* EXCERPTED DATA *
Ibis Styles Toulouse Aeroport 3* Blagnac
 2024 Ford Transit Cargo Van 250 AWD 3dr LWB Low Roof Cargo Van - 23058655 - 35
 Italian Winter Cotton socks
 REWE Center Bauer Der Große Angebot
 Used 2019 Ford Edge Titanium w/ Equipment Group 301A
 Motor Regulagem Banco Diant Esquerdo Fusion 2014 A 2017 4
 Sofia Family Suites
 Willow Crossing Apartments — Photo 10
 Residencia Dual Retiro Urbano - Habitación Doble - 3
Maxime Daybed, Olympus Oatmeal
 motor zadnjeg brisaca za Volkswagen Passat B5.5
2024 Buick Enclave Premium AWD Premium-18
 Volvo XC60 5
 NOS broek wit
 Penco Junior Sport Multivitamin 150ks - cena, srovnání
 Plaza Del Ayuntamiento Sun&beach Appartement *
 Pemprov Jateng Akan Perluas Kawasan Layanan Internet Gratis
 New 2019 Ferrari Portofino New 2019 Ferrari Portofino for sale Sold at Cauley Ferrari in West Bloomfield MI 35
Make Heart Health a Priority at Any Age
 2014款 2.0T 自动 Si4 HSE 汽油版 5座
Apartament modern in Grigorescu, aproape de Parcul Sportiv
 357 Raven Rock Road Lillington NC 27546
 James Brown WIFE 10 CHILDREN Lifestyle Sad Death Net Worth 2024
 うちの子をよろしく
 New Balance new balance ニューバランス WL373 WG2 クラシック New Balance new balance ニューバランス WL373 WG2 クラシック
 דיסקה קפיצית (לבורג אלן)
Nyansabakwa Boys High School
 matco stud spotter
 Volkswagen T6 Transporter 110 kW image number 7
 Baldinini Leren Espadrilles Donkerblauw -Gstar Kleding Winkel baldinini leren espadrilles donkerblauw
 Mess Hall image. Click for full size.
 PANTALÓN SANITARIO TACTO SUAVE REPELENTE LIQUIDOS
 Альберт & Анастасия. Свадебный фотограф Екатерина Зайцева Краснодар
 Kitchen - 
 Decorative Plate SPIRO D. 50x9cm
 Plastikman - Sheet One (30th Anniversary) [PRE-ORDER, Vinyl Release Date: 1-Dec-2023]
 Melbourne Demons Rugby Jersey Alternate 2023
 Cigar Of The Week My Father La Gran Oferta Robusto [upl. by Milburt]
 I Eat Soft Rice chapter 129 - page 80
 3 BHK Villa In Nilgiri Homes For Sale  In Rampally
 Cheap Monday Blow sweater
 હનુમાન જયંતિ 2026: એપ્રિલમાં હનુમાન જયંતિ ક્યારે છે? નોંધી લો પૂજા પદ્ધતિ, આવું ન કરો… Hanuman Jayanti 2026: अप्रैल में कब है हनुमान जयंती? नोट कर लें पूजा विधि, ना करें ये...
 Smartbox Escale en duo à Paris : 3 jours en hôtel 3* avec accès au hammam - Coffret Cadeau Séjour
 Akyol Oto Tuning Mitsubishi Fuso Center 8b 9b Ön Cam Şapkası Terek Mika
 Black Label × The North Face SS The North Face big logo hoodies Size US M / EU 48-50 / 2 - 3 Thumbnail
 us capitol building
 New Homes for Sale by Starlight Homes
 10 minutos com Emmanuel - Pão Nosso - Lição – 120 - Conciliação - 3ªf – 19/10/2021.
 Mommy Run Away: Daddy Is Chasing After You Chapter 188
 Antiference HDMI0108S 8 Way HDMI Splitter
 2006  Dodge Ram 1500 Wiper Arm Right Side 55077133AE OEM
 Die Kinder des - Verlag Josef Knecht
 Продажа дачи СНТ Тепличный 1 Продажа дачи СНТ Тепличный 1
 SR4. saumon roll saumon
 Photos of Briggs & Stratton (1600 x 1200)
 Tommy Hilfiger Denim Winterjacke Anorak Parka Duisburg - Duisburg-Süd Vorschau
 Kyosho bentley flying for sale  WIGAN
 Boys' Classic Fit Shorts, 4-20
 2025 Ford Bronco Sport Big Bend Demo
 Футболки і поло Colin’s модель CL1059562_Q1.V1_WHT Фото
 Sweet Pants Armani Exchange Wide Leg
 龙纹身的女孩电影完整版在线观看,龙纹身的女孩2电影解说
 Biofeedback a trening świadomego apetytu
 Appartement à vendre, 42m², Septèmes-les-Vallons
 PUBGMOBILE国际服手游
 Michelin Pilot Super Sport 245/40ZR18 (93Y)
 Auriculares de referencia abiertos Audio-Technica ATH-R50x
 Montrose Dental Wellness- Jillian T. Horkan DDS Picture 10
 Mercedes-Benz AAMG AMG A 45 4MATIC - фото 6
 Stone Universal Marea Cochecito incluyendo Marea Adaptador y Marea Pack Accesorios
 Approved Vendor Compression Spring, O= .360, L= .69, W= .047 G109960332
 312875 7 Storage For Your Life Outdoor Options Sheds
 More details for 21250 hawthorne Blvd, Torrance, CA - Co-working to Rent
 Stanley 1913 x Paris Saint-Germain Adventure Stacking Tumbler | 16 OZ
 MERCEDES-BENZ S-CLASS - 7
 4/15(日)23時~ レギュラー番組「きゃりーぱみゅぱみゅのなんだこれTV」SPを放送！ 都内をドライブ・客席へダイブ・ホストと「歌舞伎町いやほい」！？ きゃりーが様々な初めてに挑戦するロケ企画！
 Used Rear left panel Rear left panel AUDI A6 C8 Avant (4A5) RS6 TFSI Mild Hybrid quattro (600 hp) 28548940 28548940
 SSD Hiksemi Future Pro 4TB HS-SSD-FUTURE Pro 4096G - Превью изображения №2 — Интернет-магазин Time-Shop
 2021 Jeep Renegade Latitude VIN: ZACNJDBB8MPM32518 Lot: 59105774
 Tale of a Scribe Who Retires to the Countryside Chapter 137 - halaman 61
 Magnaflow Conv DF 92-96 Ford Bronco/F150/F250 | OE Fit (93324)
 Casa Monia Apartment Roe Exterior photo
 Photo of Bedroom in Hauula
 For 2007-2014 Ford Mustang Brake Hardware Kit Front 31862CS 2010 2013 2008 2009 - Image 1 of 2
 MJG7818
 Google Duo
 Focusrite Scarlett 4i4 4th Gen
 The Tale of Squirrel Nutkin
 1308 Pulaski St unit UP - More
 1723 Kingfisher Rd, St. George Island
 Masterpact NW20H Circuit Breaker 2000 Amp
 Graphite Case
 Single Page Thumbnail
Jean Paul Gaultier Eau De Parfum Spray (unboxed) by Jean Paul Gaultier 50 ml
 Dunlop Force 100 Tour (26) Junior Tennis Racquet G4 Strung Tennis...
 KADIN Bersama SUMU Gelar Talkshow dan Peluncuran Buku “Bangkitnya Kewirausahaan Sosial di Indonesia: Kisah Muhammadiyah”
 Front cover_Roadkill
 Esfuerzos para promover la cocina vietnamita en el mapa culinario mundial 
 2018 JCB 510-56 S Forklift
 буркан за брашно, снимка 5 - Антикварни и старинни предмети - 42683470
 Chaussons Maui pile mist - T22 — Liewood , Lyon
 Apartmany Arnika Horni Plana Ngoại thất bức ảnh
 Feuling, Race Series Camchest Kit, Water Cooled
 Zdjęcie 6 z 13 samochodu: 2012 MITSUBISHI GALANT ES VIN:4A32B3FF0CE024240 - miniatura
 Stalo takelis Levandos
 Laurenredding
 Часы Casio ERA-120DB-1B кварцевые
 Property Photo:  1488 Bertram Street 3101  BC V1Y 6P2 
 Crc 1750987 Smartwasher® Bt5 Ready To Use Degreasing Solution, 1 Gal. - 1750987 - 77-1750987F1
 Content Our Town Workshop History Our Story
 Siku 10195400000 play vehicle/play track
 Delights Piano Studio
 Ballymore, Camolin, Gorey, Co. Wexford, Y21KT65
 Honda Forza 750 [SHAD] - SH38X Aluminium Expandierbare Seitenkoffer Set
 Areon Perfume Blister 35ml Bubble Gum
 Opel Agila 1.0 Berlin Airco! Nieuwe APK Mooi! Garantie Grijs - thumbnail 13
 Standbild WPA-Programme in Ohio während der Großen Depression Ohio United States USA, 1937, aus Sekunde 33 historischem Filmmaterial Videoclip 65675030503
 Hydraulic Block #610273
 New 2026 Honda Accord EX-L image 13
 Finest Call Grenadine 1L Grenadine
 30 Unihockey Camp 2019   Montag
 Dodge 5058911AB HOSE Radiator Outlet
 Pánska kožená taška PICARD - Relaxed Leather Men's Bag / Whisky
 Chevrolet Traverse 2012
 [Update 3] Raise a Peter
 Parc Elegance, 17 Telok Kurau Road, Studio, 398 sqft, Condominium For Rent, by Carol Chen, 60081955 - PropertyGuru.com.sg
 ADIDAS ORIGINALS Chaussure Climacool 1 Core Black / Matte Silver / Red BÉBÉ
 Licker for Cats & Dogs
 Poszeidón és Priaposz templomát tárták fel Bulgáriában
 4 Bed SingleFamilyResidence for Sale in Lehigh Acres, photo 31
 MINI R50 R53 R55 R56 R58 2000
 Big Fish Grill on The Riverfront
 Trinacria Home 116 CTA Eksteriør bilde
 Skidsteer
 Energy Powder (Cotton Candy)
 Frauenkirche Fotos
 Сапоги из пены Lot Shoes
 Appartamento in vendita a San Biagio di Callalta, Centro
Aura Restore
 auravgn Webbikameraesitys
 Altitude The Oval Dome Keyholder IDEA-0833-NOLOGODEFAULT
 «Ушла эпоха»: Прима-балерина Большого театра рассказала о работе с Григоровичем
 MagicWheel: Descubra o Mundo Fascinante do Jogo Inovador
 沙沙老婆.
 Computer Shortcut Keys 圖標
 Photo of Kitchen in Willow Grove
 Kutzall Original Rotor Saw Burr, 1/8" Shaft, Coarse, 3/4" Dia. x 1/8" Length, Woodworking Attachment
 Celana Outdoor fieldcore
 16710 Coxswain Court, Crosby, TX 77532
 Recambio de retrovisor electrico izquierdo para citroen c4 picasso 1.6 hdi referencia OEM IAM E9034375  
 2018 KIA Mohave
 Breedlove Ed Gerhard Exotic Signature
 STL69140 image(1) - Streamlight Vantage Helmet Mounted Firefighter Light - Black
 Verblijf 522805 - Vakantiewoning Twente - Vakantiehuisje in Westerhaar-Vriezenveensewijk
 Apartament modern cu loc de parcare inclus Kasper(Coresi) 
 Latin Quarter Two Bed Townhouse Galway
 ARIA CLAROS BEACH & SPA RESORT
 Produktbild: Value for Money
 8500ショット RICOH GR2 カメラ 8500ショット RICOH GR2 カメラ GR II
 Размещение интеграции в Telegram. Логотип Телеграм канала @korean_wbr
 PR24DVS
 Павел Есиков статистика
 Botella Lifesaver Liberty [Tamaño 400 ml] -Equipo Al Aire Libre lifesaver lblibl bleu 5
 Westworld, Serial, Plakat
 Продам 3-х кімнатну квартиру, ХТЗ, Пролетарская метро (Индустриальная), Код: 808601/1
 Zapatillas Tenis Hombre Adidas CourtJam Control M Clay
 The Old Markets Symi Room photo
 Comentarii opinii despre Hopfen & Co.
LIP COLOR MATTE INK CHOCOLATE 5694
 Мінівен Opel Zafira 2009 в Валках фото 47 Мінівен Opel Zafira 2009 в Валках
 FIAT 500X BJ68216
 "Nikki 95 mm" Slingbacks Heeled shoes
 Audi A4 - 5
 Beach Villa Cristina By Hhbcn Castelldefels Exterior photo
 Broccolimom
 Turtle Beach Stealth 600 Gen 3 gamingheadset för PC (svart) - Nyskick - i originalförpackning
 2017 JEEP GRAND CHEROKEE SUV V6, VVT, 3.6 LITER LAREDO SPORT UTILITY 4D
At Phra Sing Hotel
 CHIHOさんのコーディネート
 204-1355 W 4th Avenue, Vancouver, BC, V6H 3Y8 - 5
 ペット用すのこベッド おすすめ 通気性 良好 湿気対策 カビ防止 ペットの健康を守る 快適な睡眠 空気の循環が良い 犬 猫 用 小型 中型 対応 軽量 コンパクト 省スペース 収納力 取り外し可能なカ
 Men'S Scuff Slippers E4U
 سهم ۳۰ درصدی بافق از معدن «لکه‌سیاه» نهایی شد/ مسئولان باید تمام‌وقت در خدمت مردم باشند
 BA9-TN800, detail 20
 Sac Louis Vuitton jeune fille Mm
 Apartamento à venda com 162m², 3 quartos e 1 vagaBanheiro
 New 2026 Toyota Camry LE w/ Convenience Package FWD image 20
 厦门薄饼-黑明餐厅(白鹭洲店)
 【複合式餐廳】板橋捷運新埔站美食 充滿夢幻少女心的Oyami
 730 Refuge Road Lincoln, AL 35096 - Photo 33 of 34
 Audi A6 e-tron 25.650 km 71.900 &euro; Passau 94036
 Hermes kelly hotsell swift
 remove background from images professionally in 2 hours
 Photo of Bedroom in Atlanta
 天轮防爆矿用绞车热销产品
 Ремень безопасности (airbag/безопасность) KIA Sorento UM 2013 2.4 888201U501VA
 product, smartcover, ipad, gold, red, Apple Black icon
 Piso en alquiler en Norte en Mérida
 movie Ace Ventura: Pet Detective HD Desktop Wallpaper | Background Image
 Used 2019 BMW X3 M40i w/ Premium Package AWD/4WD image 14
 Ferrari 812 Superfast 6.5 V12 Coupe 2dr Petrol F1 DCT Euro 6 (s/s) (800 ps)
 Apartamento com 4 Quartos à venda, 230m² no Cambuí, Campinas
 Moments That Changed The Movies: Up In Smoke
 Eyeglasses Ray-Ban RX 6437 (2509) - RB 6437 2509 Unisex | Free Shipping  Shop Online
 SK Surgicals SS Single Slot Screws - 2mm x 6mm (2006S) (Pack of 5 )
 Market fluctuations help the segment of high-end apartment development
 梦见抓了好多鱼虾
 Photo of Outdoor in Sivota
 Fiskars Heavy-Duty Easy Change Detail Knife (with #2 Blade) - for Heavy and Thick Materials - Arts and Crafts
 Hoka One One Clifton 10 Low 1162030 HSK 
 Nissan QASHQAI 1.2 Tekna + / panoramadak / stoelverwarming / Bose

* WORK INSTRUCTIONS *
Print exactly the lines above from the one with "Размещение интеграции в" to the one with "Westworld, Serial, Plakat", including both.

* SOLUTION FOR THIS PROBLEM *
 Размещение интеграции в Telegram. Логотип Телеграм канала @korean_wbr
 PR24DVS
 Павел Есиков статистика
 Botella Lifesaver Liberty [Tamaño 400 ml] -Equipo Al Aire Libre lifesaver lblibl bleu 5
 Westworld, Serial, Plakat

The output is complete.